The Aurora Australis’ suite of sonar data echo sounders, transducers and net surveillance sonars are ready at the push of a button for bathymetry logging, fish detection and bottom-type assessment; a far cry from how it was done onboard the Aurora in 1912. According to Captain Davis it took just over an hour to sound 2600 fathoms in fair weather with the Lucas machine. This machine was mechanical and used a lead weighted wire cable on a large drum. A geared, clock-like scale measured off the depths.

Every era of exploration has the best technology of the day at hand. However, Douglas Mawson’s and John King Davis’s own lifetimes bridged the change from the ‘old’ heroic era to the modern mechanical age – the change from wood to steel, steam to diesel, and from relatively small ships to large cargo capacity icebreaking ships. We have seen the role of ships change from a means of getting to Antarctica, to full research support; but one thing that has not changed is that ships are still the most vital component of Antarctic logistics.

JONOTHAN DAVIS

Australian Antarctic Division

Aurora

Built in 1876 by Alexander Stephen & Sons, Dundee, Scotland. Auxiliary screw steamship, three-masted barque rig.

Owners: Douglas Mawson; registered Liverpool (sold to Sir Ernest Shackleton for Ross Sea party, 1914).

Gross tonnage: 551.67 t

Net tonnage: 367 t

Length: 50 m

Beam: 9.3 m

Draught: 5.72 m

Engines: Compound steam, 98 nhp made by Cunliffe & Dunlop, Port Glasgow. Single boiler, two-bladed propeller.

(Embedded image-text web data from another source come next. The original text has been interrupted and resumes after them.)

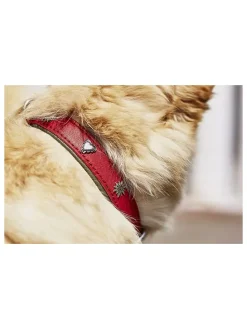 Leder-Halsband 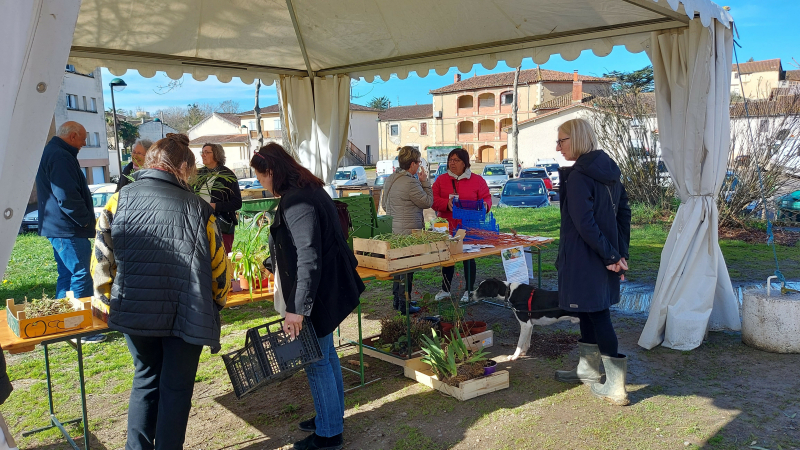 Venez rencontrer le collectif Oasis !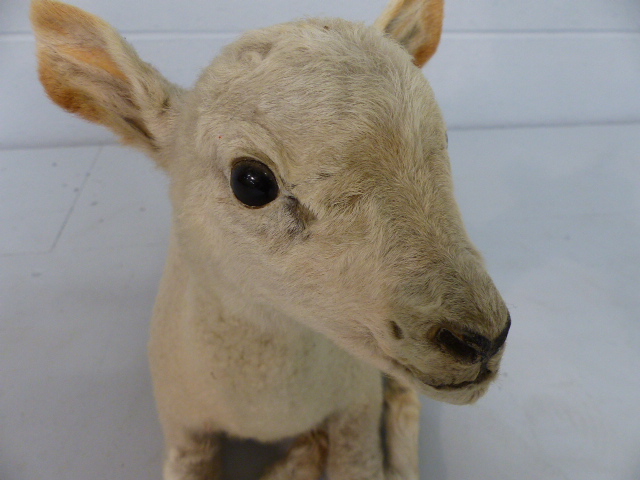 TAXIDERMY - Recumbent lamb with alert ears. c1900 - Image 5 of 5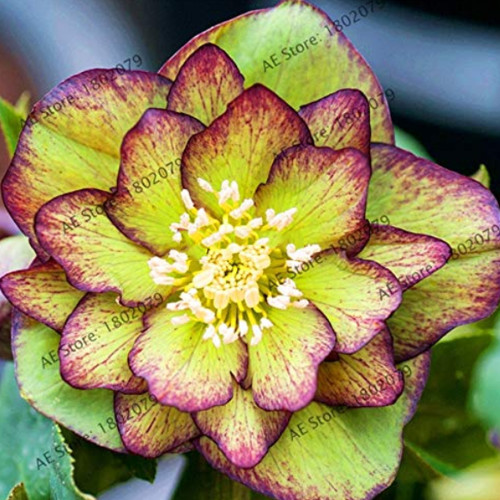 100PCS Novelty Plant Seeds
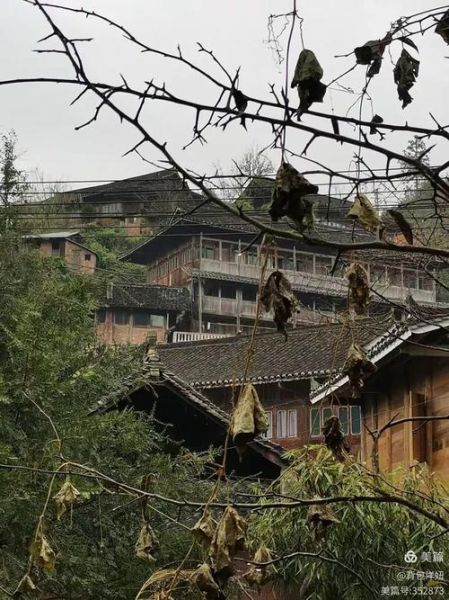 非物质文化遗产苗岭（苗岭非物质文化遗产有哪些）-第2张图片-八三百科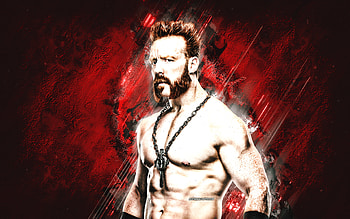 Custom Sheamus, WWE, portrait, red stone background, WWE champion, World Wrestling Entertainment HD wallpaper
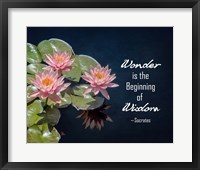 Framed Wonder is the Beginning of Wisdom Water Lily Color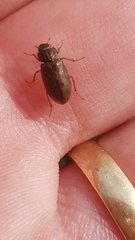 Helophorus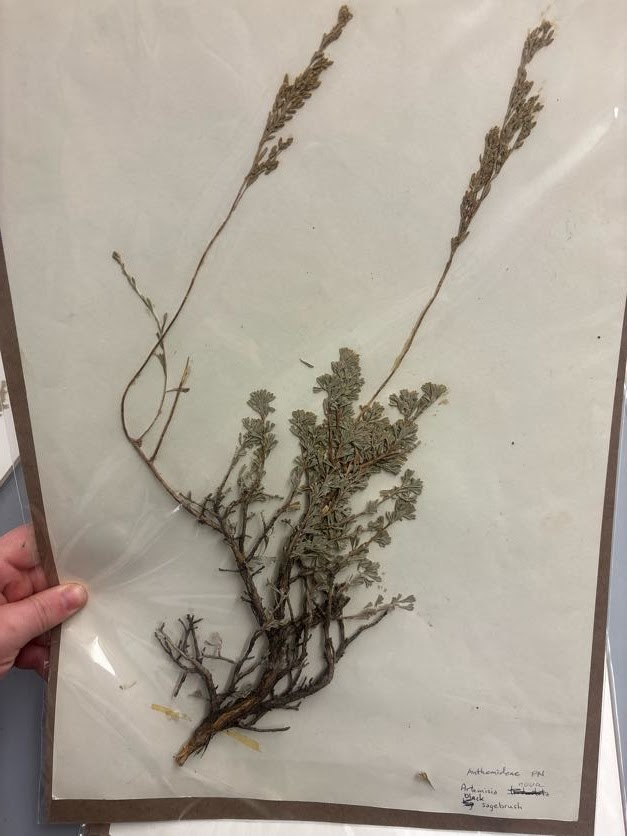 <p>Anthemideae - artemisia nova - black sagebrush </p>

Fate: Sailed from Newcastle NSW for Peru with coal on 20 June 1917 but failed to arrive.

 

Nella Dan

Launched 13 June 1961. Her intended name was Jetta Dan but it was changed before launching in honour of Nel Law, wife of Australian Antarctic Division Director Phillip Law.

Builder: Aalborg Værft A/S. Aalborg, Denmark

Owners: Rederiet Ocean A/S (one of the J. Lauritzen Line companies), Copenhagen.

Gross tonnage: 2206 t

Length: 75.5 m

Beam: 14.3 m

Draft fully loaded 6.268 m

Speed: 12.5 knots.

Fate: Sank off Macquarie Island, 24 December 1987, after drifting on to rocks during a storm.

 

Aurora Australis

Launched 18 September 1989.

Owner: P&O Maritime Services

Designer: Wartsila Marine Industries Inc.

Builder: Carrington Slipways Pty Ltd, Newcastle Australia.

Gross tonnage: 6574 t

Deadweight: 3893 t

Length: 94.91 m

Beam: 20.30 m

Draft (maximum): 7.9 m

Endurance: 90 days or 25 000 nautical miles

Maximum speed: 16 knots